▶ **What you should do**
Please take the records that follow and repeat exactly the lines starting with the line with "N-ACETYL-4,5-DEHYDRO-DL-LEUCINE Structural" and going on through the line with "Adidasi Versace Chain".

▶ **Information provided**
· · · · · · ·

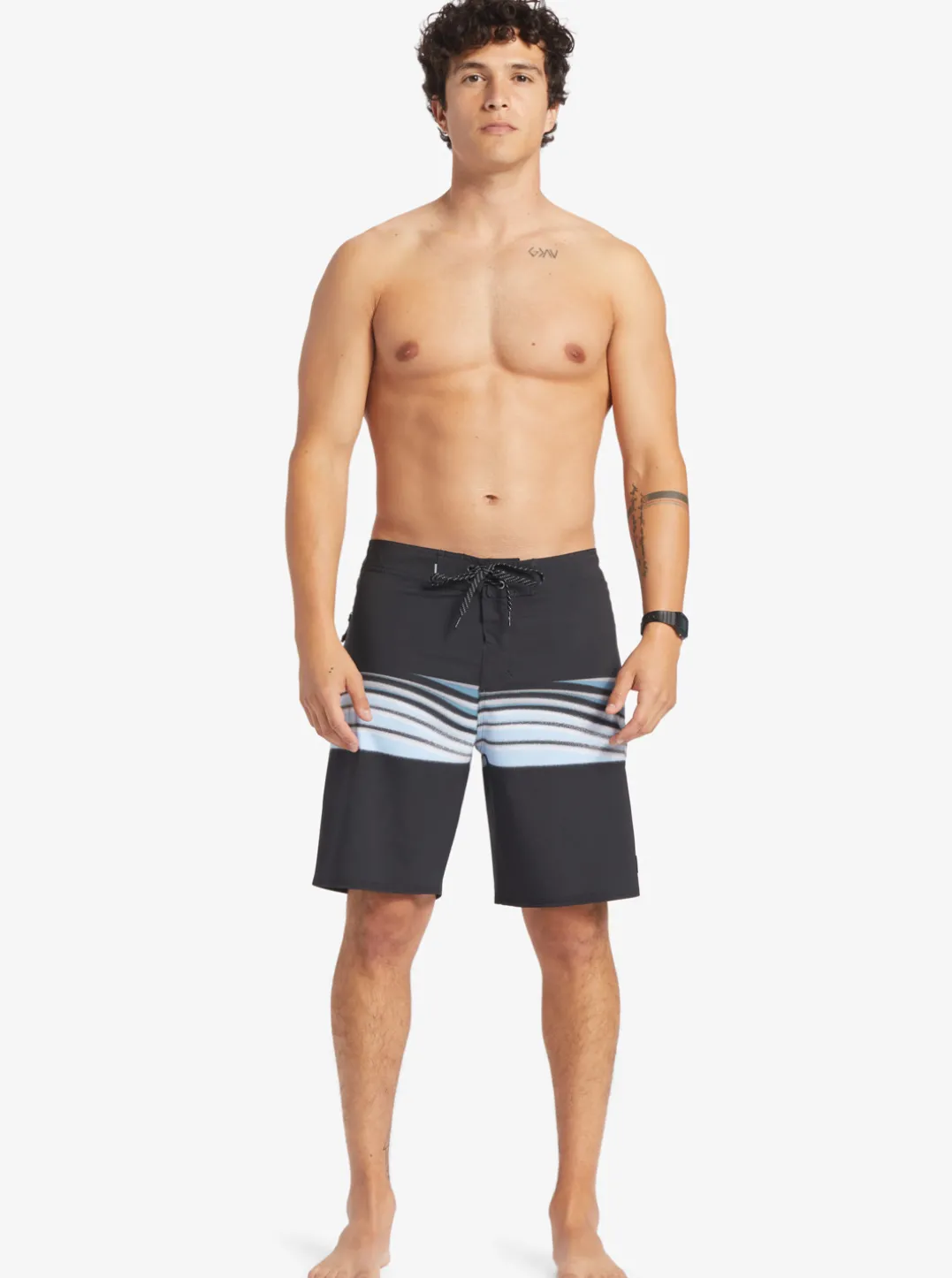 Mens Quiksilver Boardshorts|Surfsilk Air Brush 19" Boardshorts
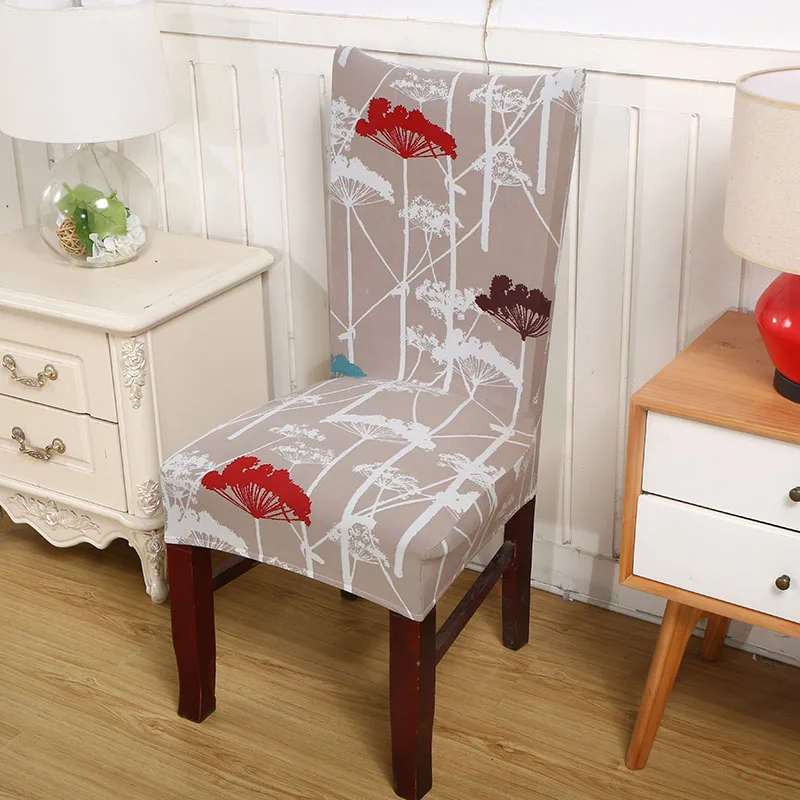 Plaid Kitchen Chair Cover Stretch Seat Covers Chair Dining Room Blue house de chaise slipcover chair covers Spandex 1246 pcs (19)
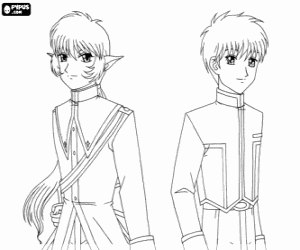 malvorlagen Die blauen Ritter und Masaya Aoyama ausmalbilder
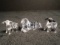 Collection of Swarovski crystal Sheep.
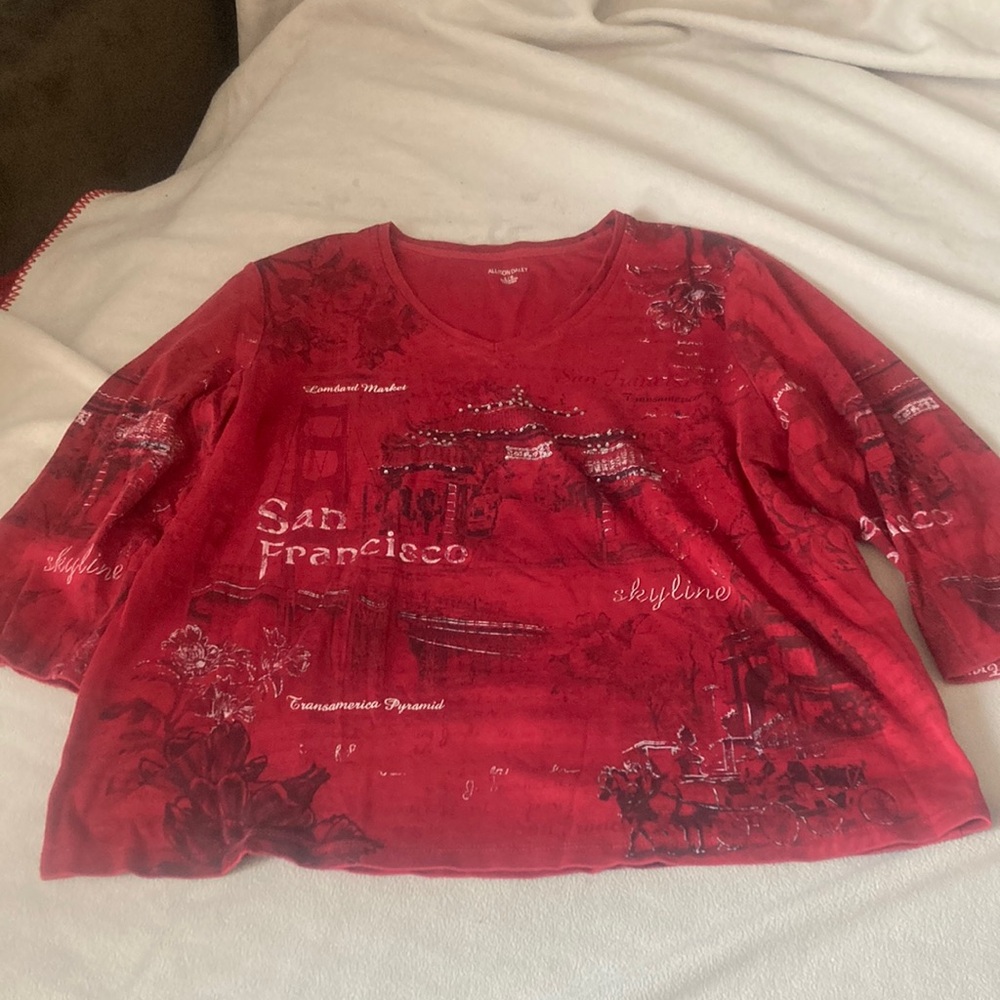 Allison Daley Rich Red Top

· · · · · · ·

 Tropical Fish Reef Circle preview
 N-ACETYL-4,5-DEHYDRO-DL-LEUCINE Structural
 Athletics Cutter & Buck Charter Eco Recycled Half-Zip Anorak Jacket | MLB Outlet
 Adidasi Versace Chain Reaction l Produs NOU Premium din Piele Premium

· · · · · · ·

▶ **Result of this task**
 N-ACETYL-4,5-DEHYDRO-DL-LEUCINE Structural
 Athletics Cutter & Buck Charter Eco Recycled Half-Zip Anorak Jacket | MLB Outlet
 Adidasi Versace Chain Reaction l Produs NOU Premium din Piele Premium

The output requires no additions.